YOUR INSTRUCTIONS:
Each record below must be retyped exactly, with nothing left out.

[DATASET RECORDS]

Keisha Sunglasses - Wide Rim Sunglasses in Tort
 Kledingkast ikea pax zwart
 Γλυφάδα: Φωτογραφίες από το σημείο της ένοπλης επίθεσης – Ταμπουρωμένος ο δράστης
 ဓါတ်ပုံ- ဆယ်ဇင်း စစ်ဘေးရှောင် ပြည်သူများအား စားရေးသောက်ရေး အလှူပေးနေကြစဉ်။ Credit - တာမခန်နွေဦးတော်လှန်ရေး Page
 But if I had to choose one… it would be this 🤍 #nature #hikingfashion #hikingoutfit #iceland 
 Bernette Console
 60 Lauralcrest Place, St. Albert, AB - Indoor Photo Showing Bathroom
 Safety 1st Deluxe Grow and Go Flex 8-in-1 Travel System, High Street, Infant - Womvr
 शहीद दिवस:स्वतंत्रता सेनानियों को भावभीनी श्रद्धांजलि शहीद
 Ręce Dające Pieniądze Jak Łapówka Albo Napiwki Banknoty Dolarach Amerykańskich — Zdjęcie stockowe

[/DATASET RECORDS]

EXERCISE OUTPUT:
Keisha Sunglasses - Wide Rim Sunglasses in Tort
 Kledingkast ikea pax zwart
 Γλυφάδα: Φωτογραφίες από το σημείο της ένοπλης επίθεσης – Ταμπουρωμένος ο δράστης
 ဓါတ်ပုံ- ဆယ်ဇင်း စစ်ဘေးရှောင် ပြည်သူများအား စားရေးသောက်ရေး အလှူပေးနေကြစဉ်။ Credit - တာမခန်နွေဦးတော်လှန်ရေး Page
 But if I had to choose one… it would be this 🤍 #nature #hikingfashion #hikingoutfit #iceland 
 Bernette Console
 60 Lauralcrest Place, St. Albert, AB - Indoor Photo Showing Bathroom
 Safety 1st Deluxe Grow and Go Flex 8-in-1 Travel System, High Street, Infant - Womvr
 शहीद दिवस:स्वतंत्रता सेनानियों को भावभीनी श्रद्धांजलि शहीद
 Ręce Dające Pieniądze Jak Łapówka Albo Napiwki Banknoty Dolarach Amerykańskich — Zdjęcie stockowe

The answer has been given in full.